*PROVIDED INFORMATION*
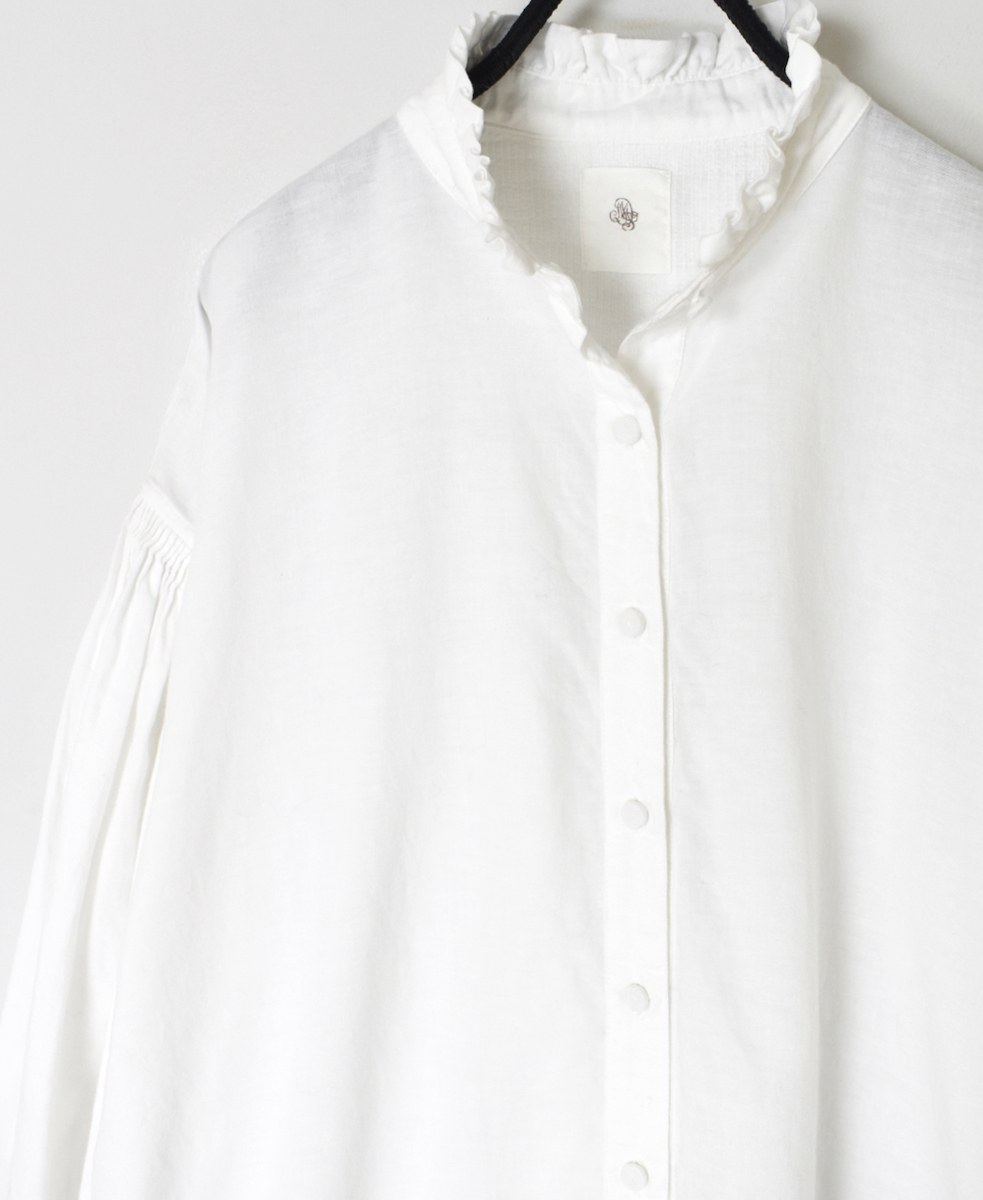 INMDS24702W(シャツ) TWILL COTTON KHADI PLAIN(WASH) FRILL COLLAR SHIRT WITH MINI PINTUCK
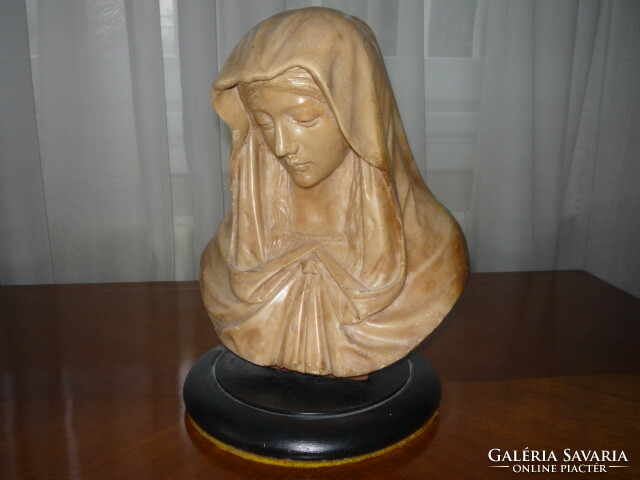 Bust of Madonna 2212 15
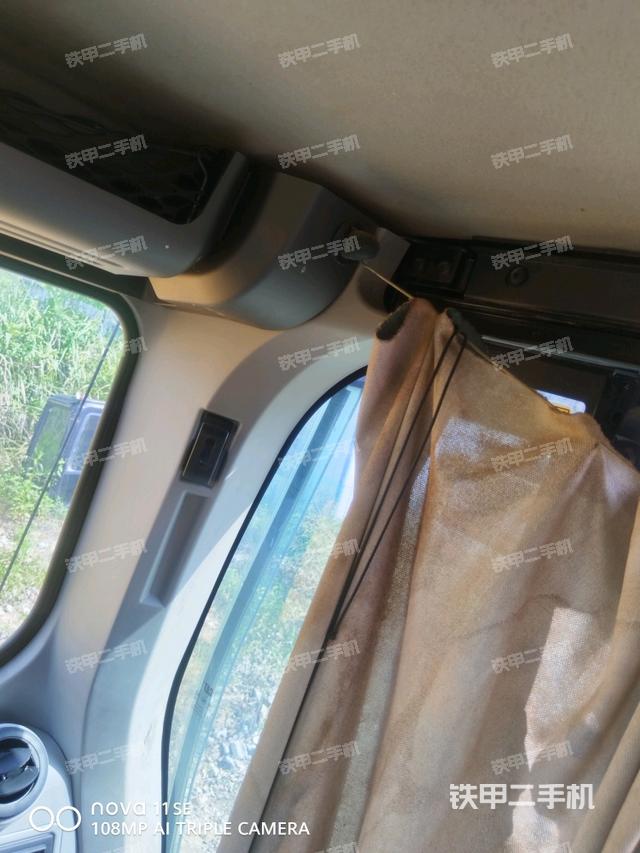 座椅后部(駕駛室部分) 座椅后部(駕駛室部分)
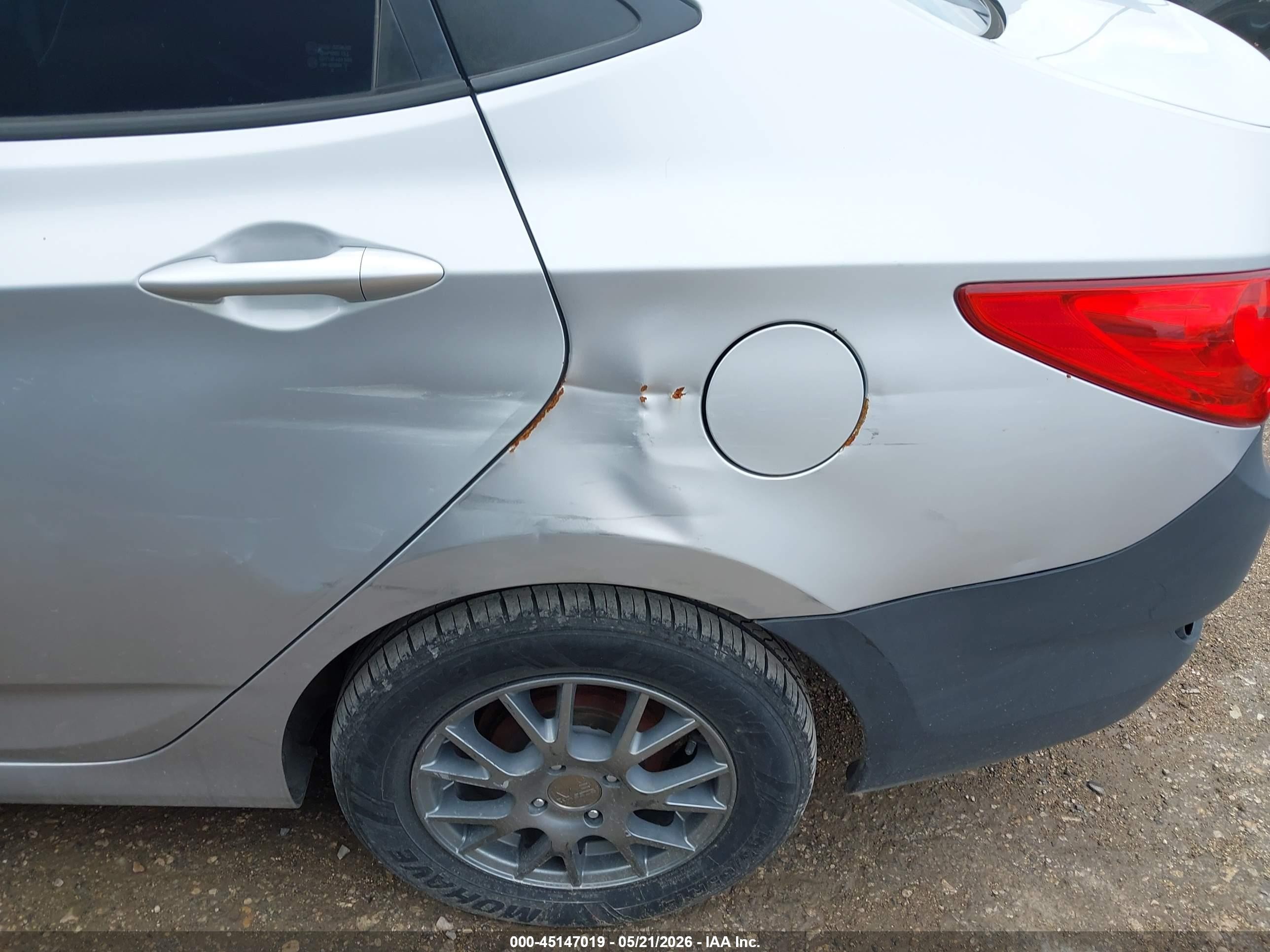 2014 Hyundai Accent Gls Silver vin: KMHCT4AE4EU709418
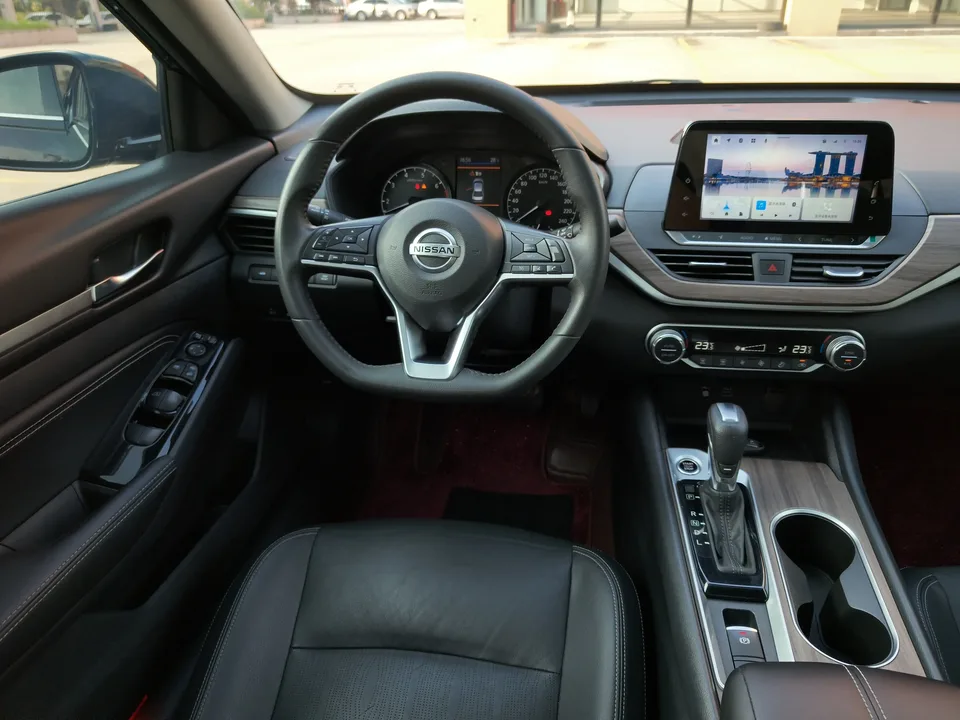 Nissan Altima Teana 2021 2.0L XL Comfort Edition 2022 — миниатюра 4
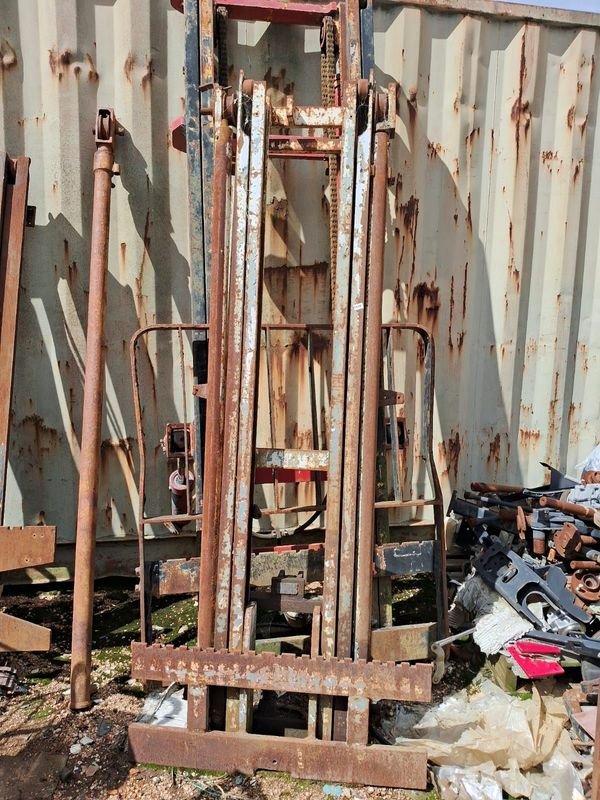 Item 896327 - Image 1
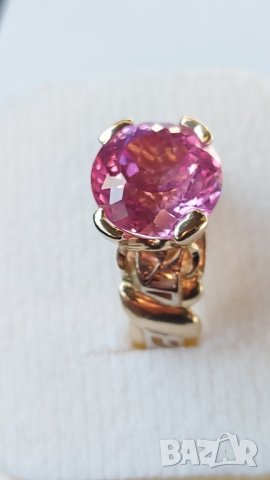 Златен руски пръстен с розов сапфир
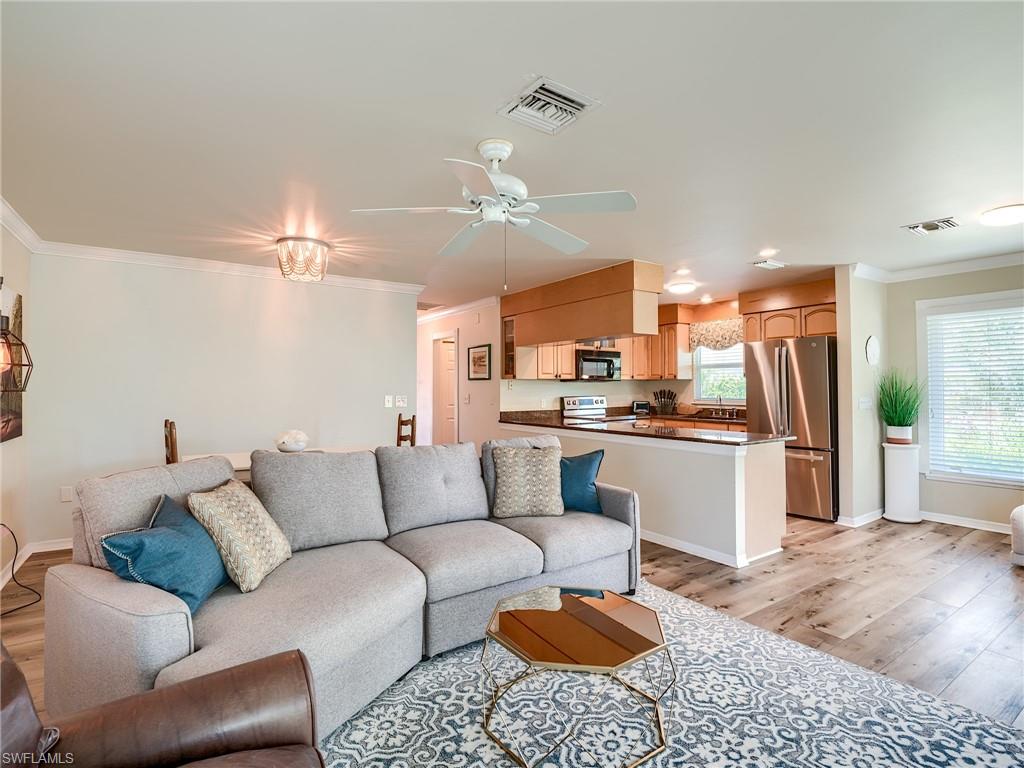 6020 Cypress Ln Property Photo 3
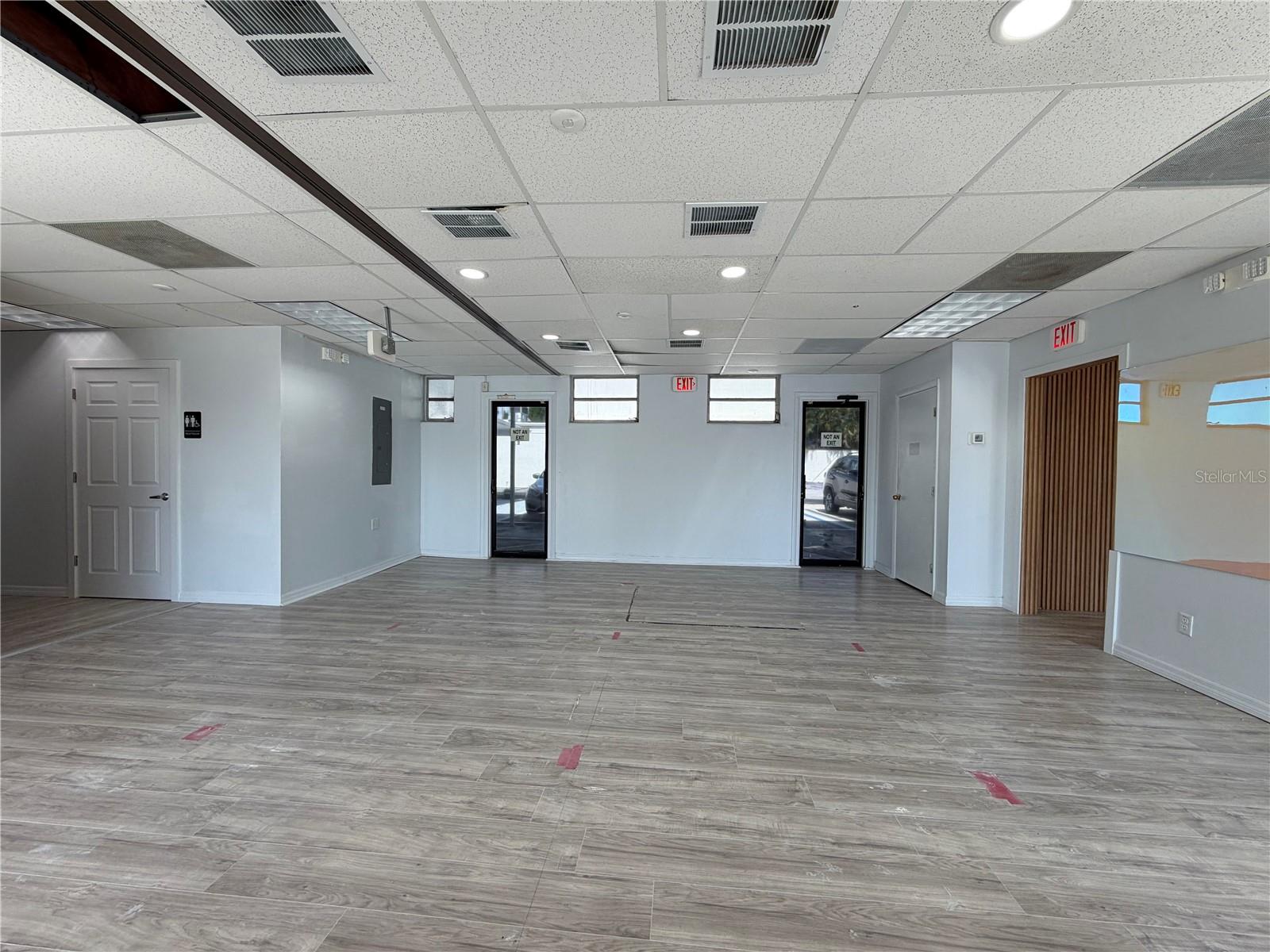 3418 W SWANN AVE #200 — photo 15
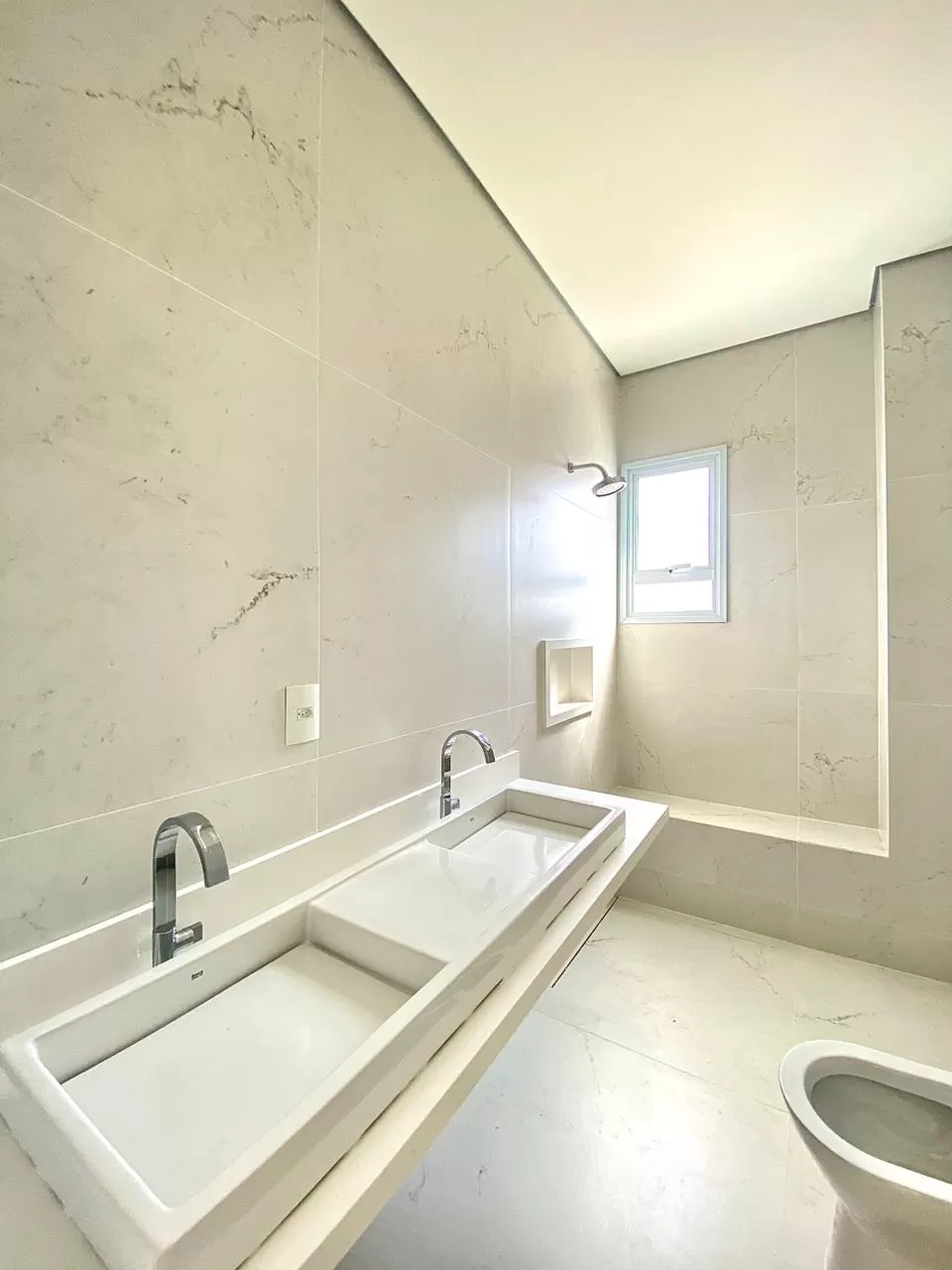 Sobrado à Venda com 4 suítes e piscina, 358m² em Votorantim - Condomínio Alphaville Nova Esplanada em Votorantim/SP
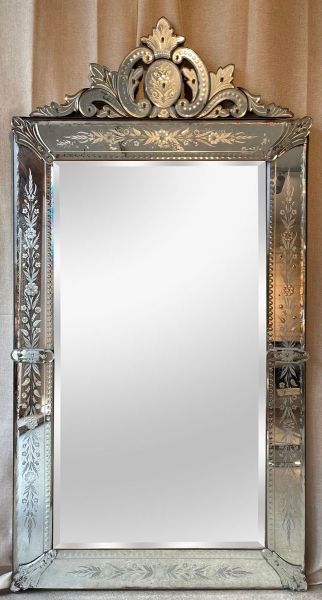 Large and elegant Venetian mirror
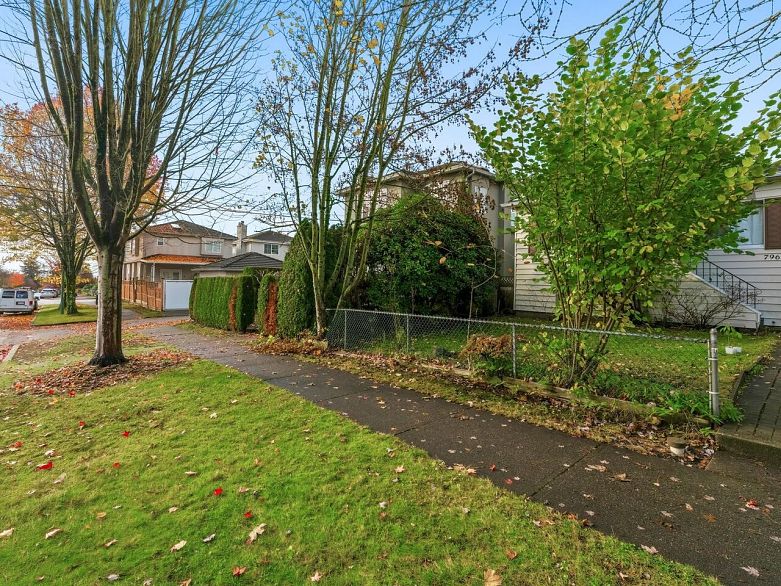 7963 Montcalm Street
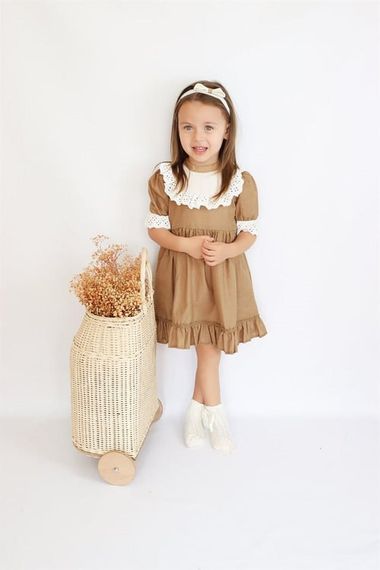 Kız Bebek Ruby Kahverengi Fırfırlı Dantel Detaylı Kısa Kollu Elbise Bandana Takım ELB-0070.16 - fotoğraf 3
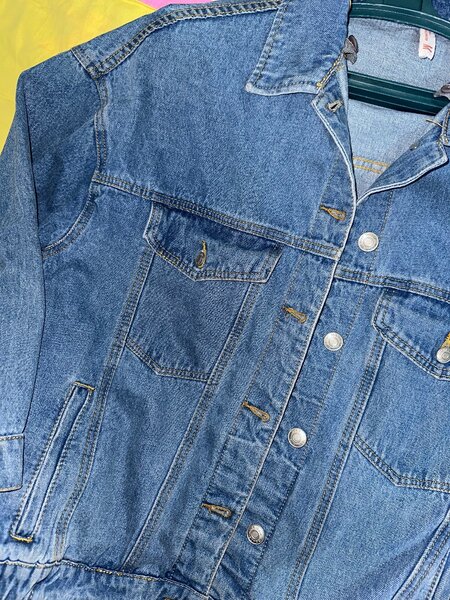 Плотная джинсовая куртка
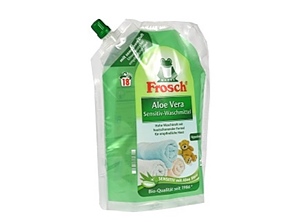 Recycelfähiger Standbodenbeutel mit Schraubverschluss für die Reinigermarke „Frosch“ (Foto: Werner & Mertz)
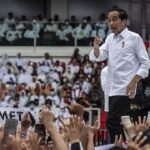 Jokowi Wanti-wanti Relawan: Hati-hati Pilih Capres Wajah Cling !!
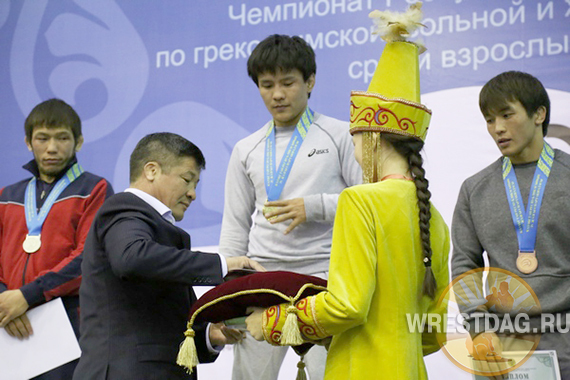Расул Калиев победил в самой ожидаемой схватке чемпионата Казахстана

*WORK REQUIRED*
Once you find the line containing "Nissan Altima Teana", retype it and every line after it through the last line of the records above, exactly. Add nothing else, and leave out the pictures.

*TASK ANSWER*
 Nissan Altima Teana 2021 2.0L XL Comfort Edition 2022 — миниатюра 4
 Item 896327 - Image 1
 Златен руски пръстен с розов сапфир
 6020 Cypress Ln Property Photo 3
 3418 W SWANN AVE #200 — photo 15
 Sobrado à Venda com 4 suítes e piscina, 358m² em Votorantim - Condomínio Alphaville Nova Esplanada em Votorantim/SP
 Large and elegant Venetian mirror
 7963 Montcalm Street
 Kız Bebek Ruby Kahverengi Fırfırlı Dantel Detaylı Kısa Kollu Elbise Bandana Takım ELB-0070.16 - fotoğraf 3
 Плотная джинсовая куртка
 Recycelfähiger Standbodenbeutel mit Schraubverschluss für die Reinigermarke „Frosch“ (Foto: Werner & Mertz)
 Jokowi Wanti-wanti Relawan: Hati-hati Pilih Capres Wajah Cling !!
Расул Калиев победил в самой ожидаемой схватке чемпионата Казахстана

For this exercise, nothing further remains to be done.